Wegen ihres Engagements in der Widerstandsgruppe »Die Weiße Rose« wurden Sophie und Hans Scholl am 22. Februar 1943 in München hingerichtet. Die Auszüge aus Sophie Scholls Briefwechsel mit Fritz Hartnagel skizzieren ihrer beider Gemütszustände rund um den Todestag. Drei Tage nach dem Tod ihrer Kinder schreibt Magdalene Scholl, genannt Lina, einen berührenden Brief an Fritz Hartnagel.

M.[ünchen], 16. 2. 43.

Mein lieber Fritz! 

Gestern habe ich einen wunderbaren blühenden Stock gekauft, er steht vor mir auf dem Schreibtisch am hellen Fenster, seine graziösen Ranken, über und über mit zarten lila Blüten besetzt, schweben vor und über mir. Er ist meinen Augen und meinem Herzen eine rechte Freude, und ich wünschte mir nur, daß Du kommst, bevor er verblüht ist. Wann wirst Du nur kommen?
Meine ersten Briefe werden Dich wohl kaum erreichen, sie waren falsch adressiert. Und ob diese dürftige Adresse genügt? Doch muß ich ja warten, bis Du zuerst mir schreibst.
Wir haben hier eine kleine Geyerausstellung hergerichtet. Wir sind sehr oft mit ihm zusammen, man fühlt sich in seiner Nähe riesig behaglich. Wie schade, daß ich Dir davon schreiben muß, daß Du nicht selbst hier bist. Vielleicht können wir bald zusammen irgendwo anfangen! 

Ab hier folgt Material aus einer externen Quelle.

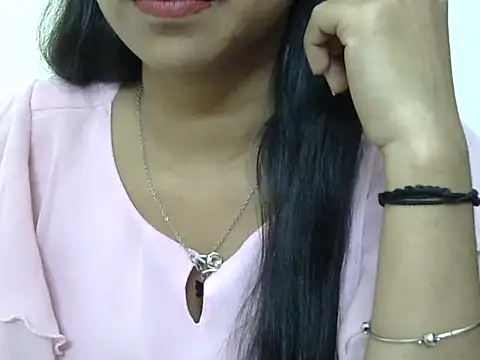 momo lov online show from March 17, 2025, 5:23 am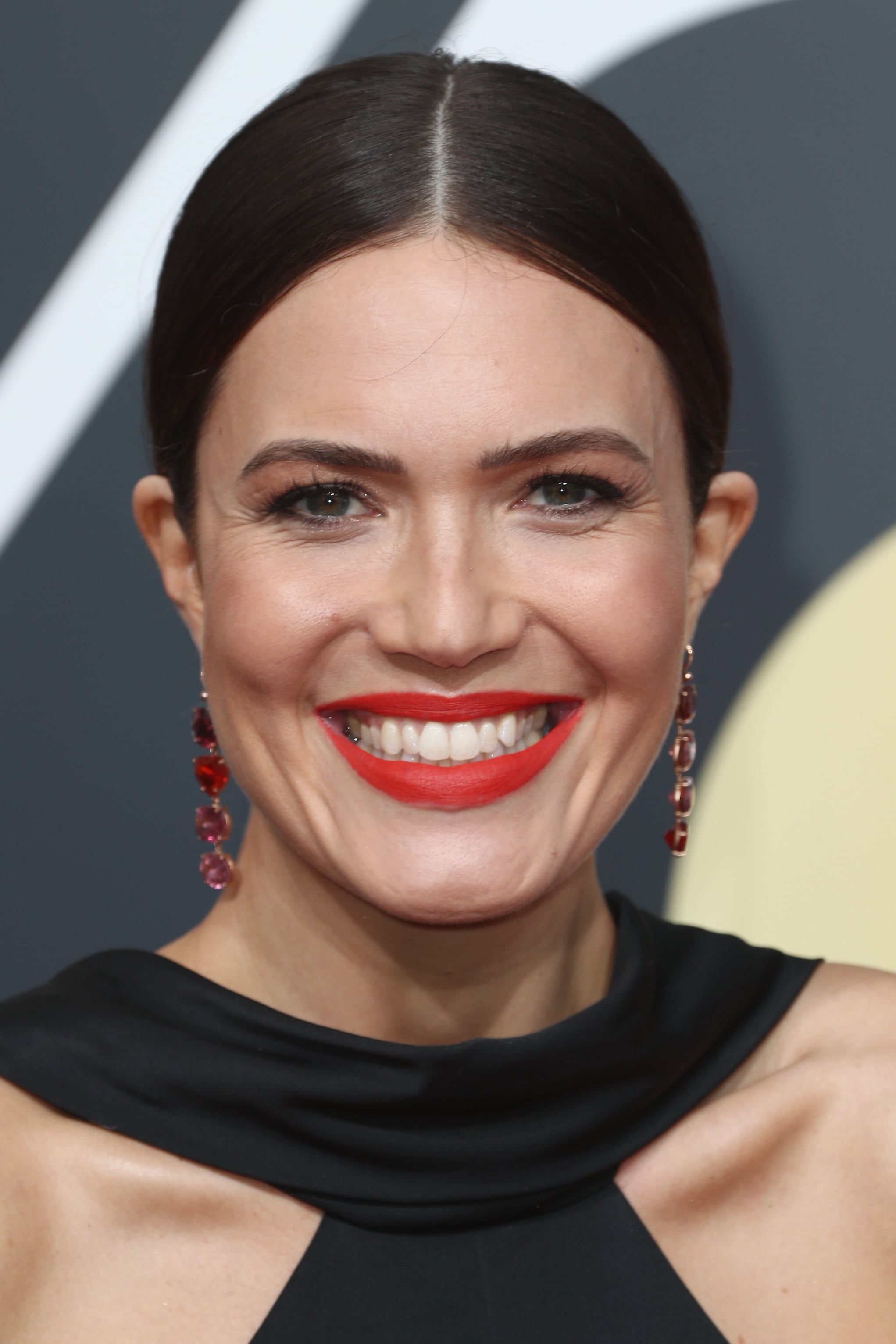 Mandy Moore The Boldest Beauty Moments Paired With Black Dresses At The Golden Globes Popsugar Beauty Photo 9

Sei für heute vielmals gegrüßt von Deiner Sophie. 

Wilhelm Geyer, ein Kunstmaler aus Ulm, war schon im Januar nach München gekommen, um Carl Muth zu porträtieren. Der Kontakt war durch Hans Scholl hergestellt worden. Die Ausstellung von Bildern Geyers, der schon lange Ausstellungsverbot hatte, fand im Atelier Eickemeyer statt. Dieser Brief dürfte der letzte sein, den Sophie Scholl an Fritz Hartnagel geschrieben hat, auch wenn die Reihenfolge der beiden vom 16. Februar 1943 datierten Briefe nicht mit Sicherheit festzustellen ist. Zwei Tage später, am 18. Februar, einem Donnerstag, wurde Sophie Scholl zusammen mit ihrem Bruder Hans in der Münchener Universität verhaftet, als sie ein von Professor Kurt Huber verfasstes Flugblatt, das auf die Niederlage der sechsten deutschen Armee in Stalingrad reagierte (»Erschüttert steht unser Volk vor dem Untergang der Männer von Stalingrad«), in der Münchener Universität verteilten. Auch Christoph Probst wurde kurz danach in Innsbruck verhaftet und nach München gebracht. Bereits vier Tage später, am 22. Februar 1943, fand der Prozess vor einer eigens aus Berlin angereisten Kammer des Volksgerichtshofs unter Vorsitz von Roland Freisler statt. Sophie und Hans Scholl sowie Christoph Probst wurden wegen Hochverrats und Feindbegünstigung zum Tode verurteilt und noch am selben Tag um 17 Uhr mit dem Fallbeil hingerichtet. 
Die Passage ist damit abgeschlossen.